Another solution is to specialize proto::is_callable<>
on our times2<>
template:
namespace boost { namespace proto { // Tell Proto that times2<> is callable template<typename T> struct is_callable<times2<T> > : mpl::true_ {}; }} // OK, times2<> is callable struct IntTimes2 : proto::when< proto::terminal<int> , times2<int>(proto::_value) > {};
This is better, but still a pain because of the need to open Proto's namespace.
You could simply make sure that the callable type is not a template specialization.
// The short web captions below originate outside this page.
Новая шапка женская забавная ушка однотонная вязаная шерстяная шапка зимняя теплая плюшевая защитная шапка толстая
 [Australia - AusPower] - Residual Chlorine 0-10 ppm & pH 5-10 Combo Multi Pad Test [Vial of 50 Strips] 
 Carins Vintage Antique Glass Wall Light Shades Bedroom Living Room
Consider the following:
// No longer a template specialization! struct times2int : times2<int> {}; // OK, times2int is callable struct IntTimes2 : proto::when< proto::terminal<int> , times2int(proto::_value) > {};
This works because now Proto can tell that times2int
inherits (indirectly) from proto::callable
.
Any non-template types can be safely checked for inheritance because,
as they are not templates, there is no worry about instantiation errors.
There is one last way to tell Proto that times2<>
is callable. You could add an
extra dummy template parameter that defaults to proto::callable
:
// Proto will recognize this as callable template<typename T, typename Callable = proto::callable> struct times2 : proto::callable { typedef T result_type; T operator()(T i) const { return i * 2; } }; // OK, this works! struct IntTimes2 : proto::when< proto::terminal<int> , times2<int>(proto::_value) > {};
Note that in addition to the extra template parameter, times2<>
still inherits from proto::callable
.
That's not necessary in this example but it is good style because any
types derived from times2<>
(as times2int
defined above) will still be considered callable.